Not really. The extra information you get from having the exception name show up in a stack trace could be given by simply setting the message string of a standard RuntimeException. However (come to think of it), it might be useful to subclass RuntimeException simply to prepend a custom string onto any message.
I tend to only make custom checked exceptions; generally, the standard unchecked exceptions cover enough potential cases already.
Many people (me and the designers of C# included) believe that checked exceptions are a failed language experiment and avoid them. Then, creating your own exception hierarchy under RuntimeException is an obvious step.
in Effective Java, Joshua Bloch writes:
Use run-time exceptions to indicate
programming errors. The great majority
of run-time exceptions indicate
precondition violations.
That being said, you could use that run-time exception as a base class for a hierarchy of run-time exceptions, used in your project. That way, errors become more legible and traceable.

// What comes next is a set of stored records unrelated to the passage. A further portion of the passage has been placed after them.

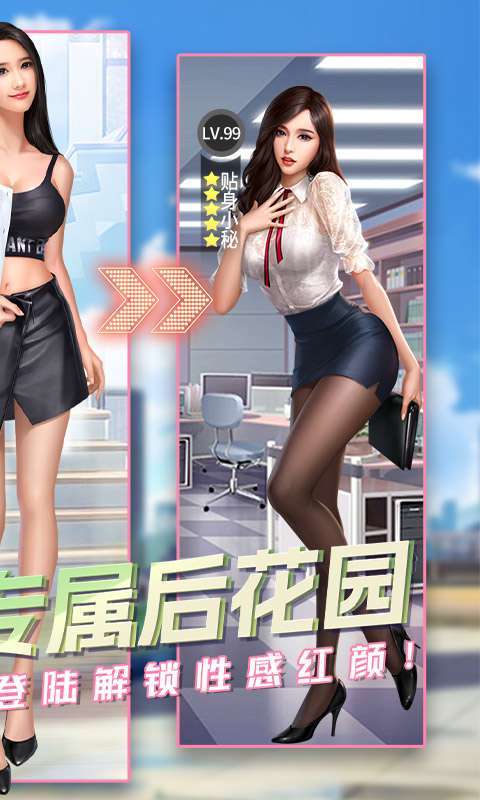 拥堵的城市(0.1折天天送648)图2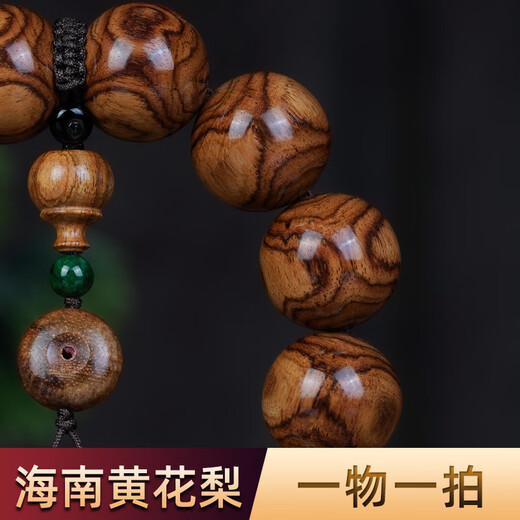 
Dalong Hai Huang 2.0 [Bran pear old grimace X-patter] Hainan Huanghuali bracelet sea yellow authentic wood men's style plate K12023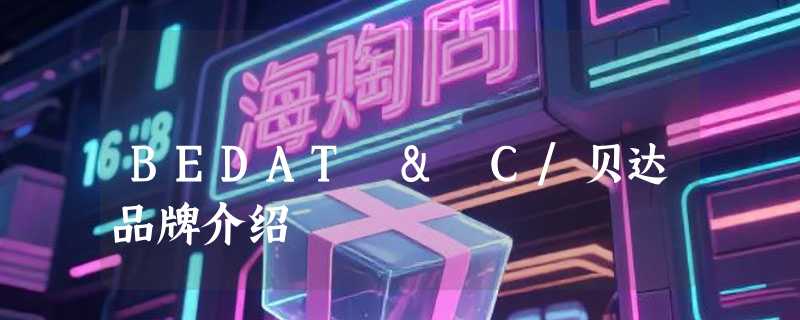 BEDAT & C/贝达品牌介绍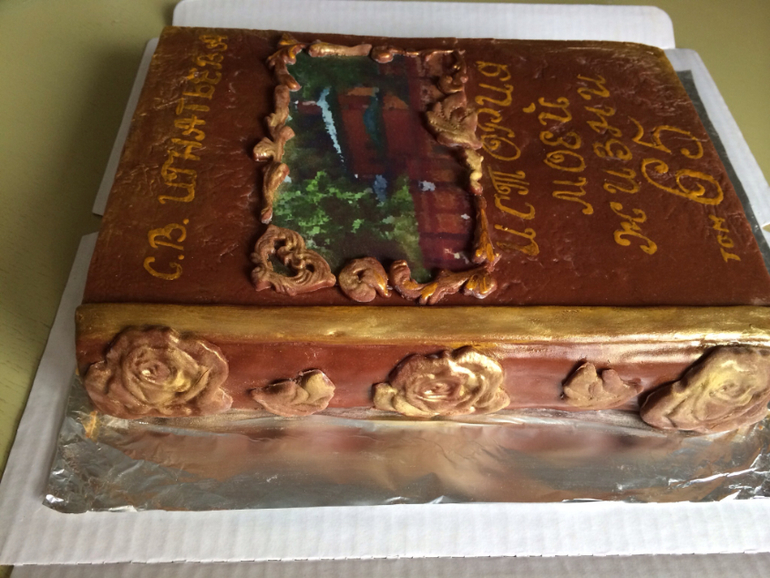 Книга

In my opinion, you should only create new Exceptions if you really need them, i.e. want to catch them and do a specific treatment on them. On all other cases, I don't really see the usefulness.
It's a good style to maintain your own exceptions hierarchy.

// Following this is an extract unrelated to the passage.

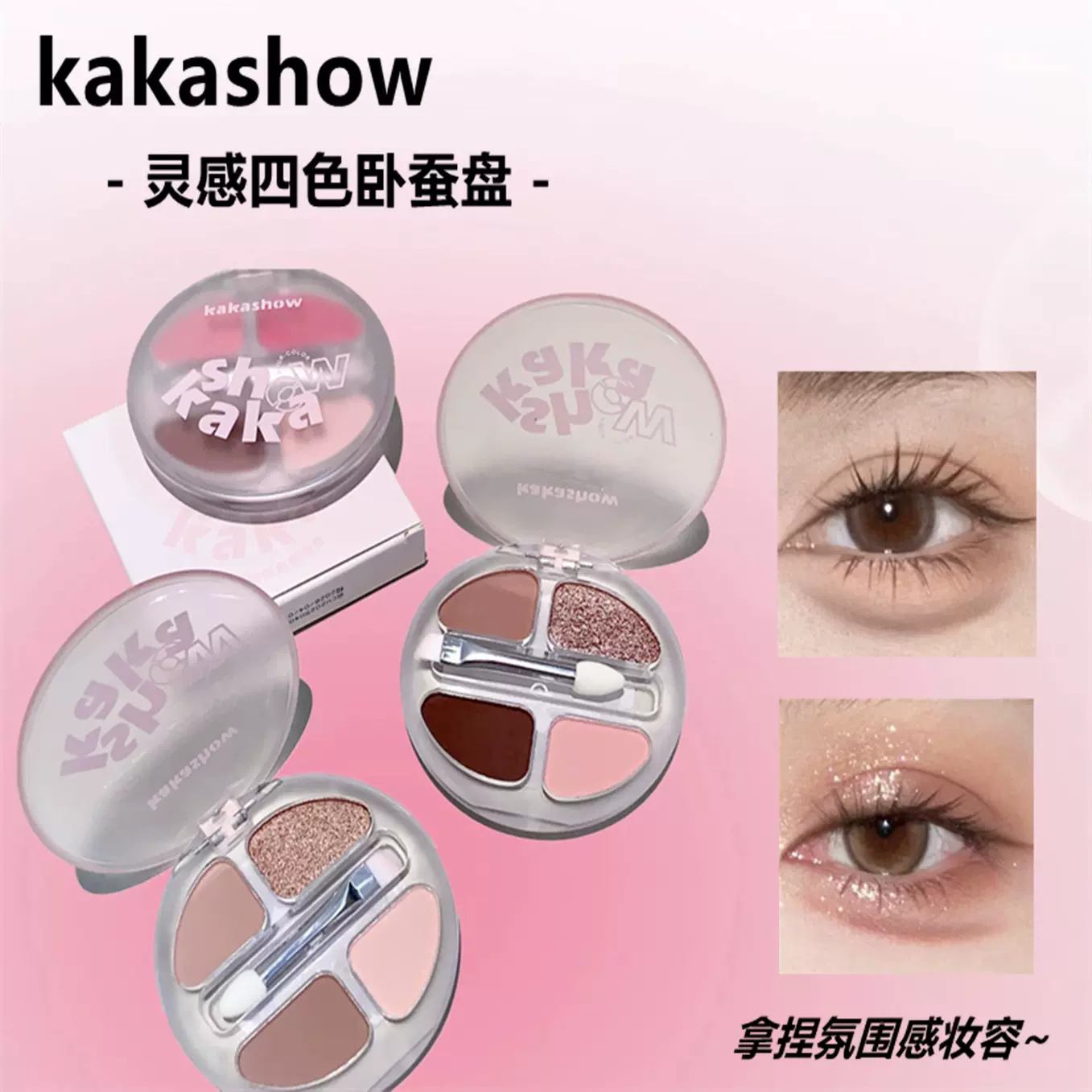 kakashow灵动四色卧蚕盘细腻上眼自然服帖不易脱妆持久眼影卧蚕盘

But I've seen just a few people who can use this technique with real profit.
Subclass exceptions based on how they are handled rather than who wrote them...
Normally runtime exception can't be handled in another way than logging the error and possibly display an error message.
Checked exceptions might possibly have a specific fallback, and in that case they should probly not subclass a "MyFrameWorkException" - as in that case, catching a MyFrameWorkException would not do more than the generic catch (logging etc.)
It is a rather bad practice to invent a whole hiearachy of exceptions that does have little in common except the fact that they belong to a particular framework.
(packages are supposedly used for just that.)
It is perfectly ok to subclass RuntimeException (if the existing subclasses are not a god fit)
Document unchecked exceptions. Be conservative with checked exceptions, and don't build hierarchies.
Rod Jonhson wrote on this in Expert one-on-one J2EE design and development and as in Tom's answer RuntimeException should be used for programming errors.
A good example is SQLException, lower level data access API should catch them and throw your own "SQLRuntimeException" as most of the time the calling code cannot do anything with the exception. This way, your higher level apis are not forced to catch or carry lower level exceptions in their signature, which make code simpler and more focused on the business domain.